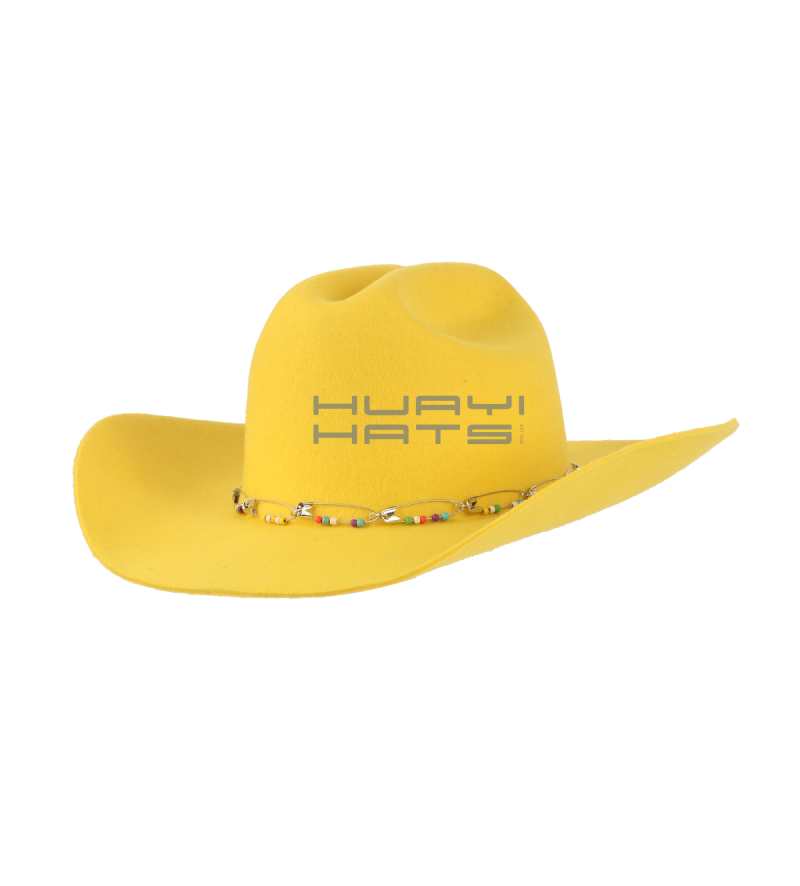 Fashion Yellow Wide Brim Cowboy Hat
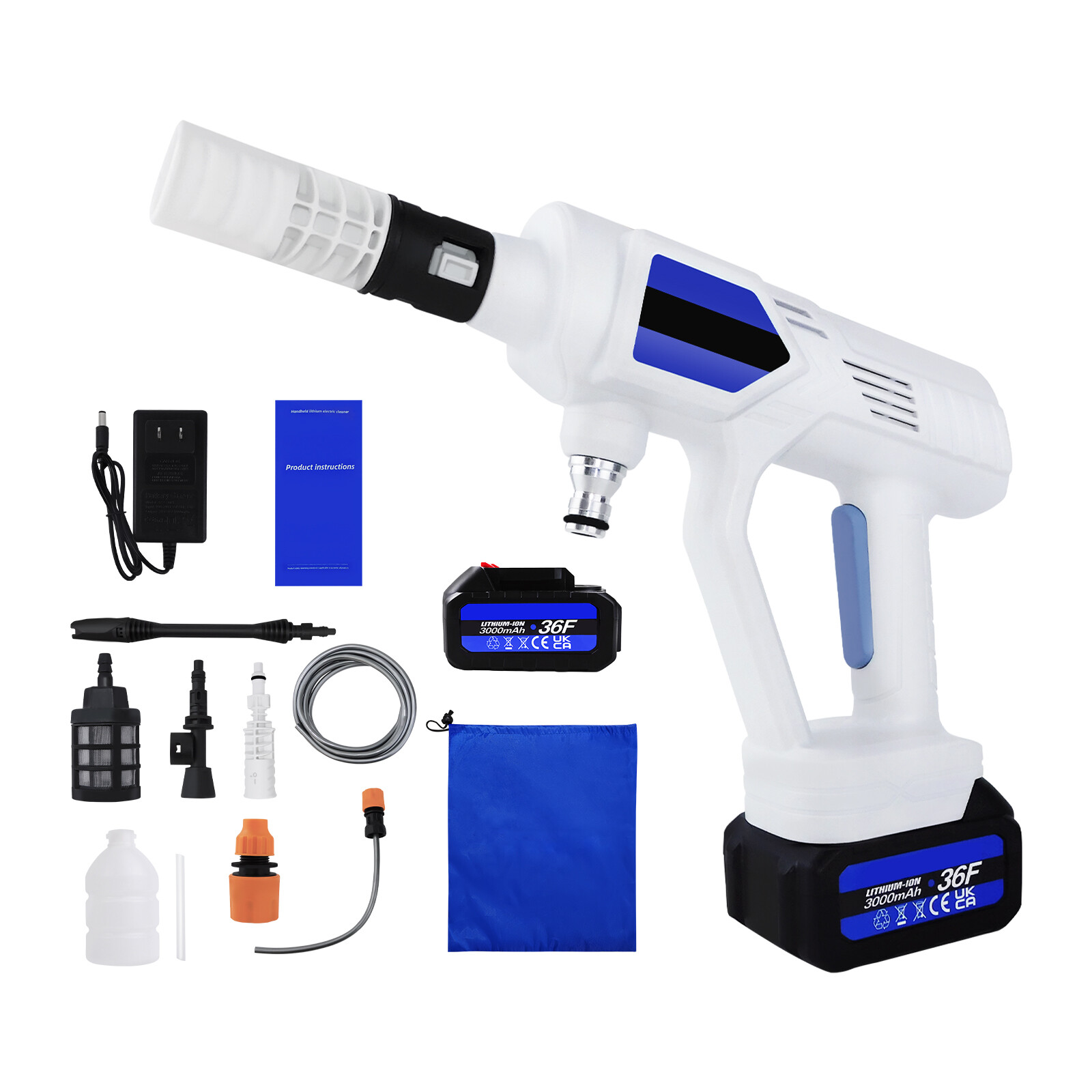 Car Pressure Washer Electric Gun Portable Cordless High Power w/ 3 AH Battery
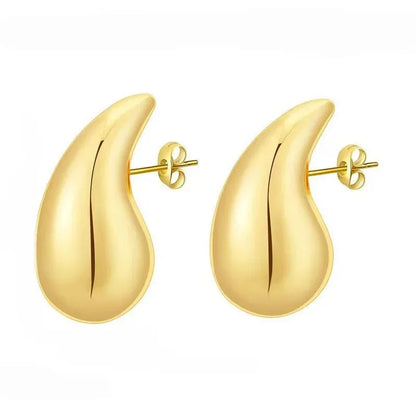 925 Sterling Silver 18K Gold Plated Chunky Teardrop Earrings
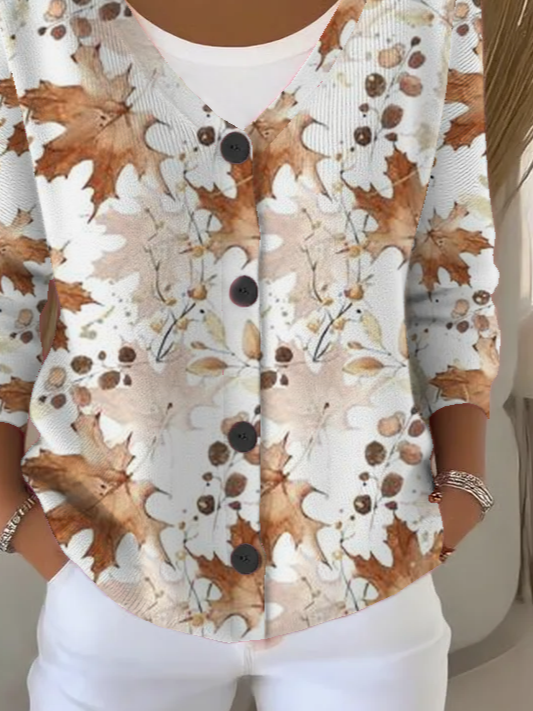 Women Maple Leaf Long Sleeve Comfy Casual Cardigan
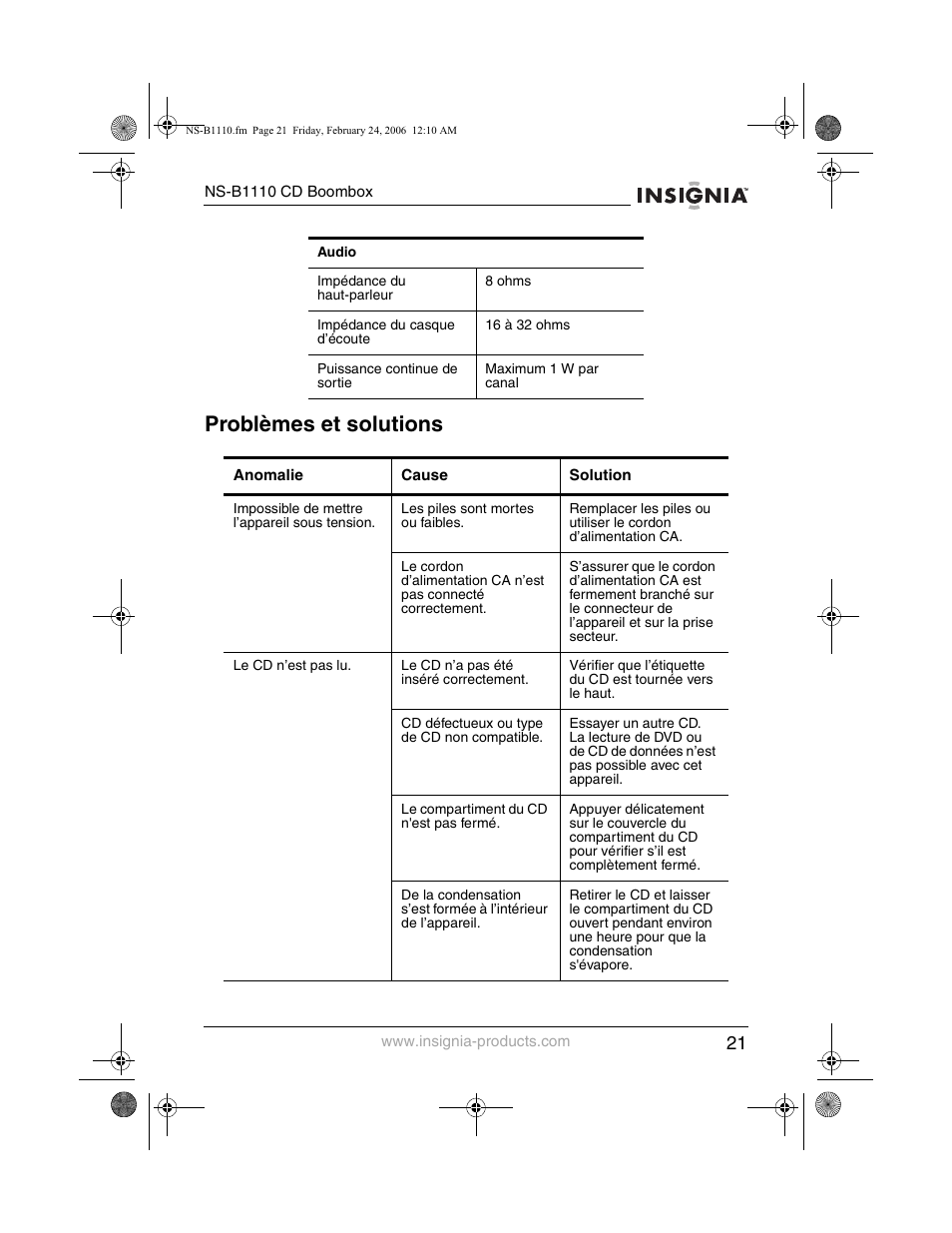 Problèmes et solutions | Insignia NS-B1110 User Manual | Page 23 / 44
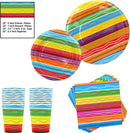 Fiesta Party Supplies in Wave Line Pattern, 82 Pieces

▶ Exercise brief:
Only the pictures are to be left out; everything else in the entries above must be duplicated exactly.

▶ Exercise solution:
 Fashion Yellow Wide Brim Cowboy Hat
 Car Pressure Washer Electric Gun Portable Cordless High Power w/ 3 AH Battery
 925 Sterling Silver 18K Gold Plated Chunky Teardrop Earrings
 Women Maple Leaf Long Sleeve Comfy Casual Cardigan
 Problèmes et solutions | Insignia NS-B1110 User Manual | Page 23 / 44
 Fiesta Party Supplies in Wave Line Pattern, 82 Pieces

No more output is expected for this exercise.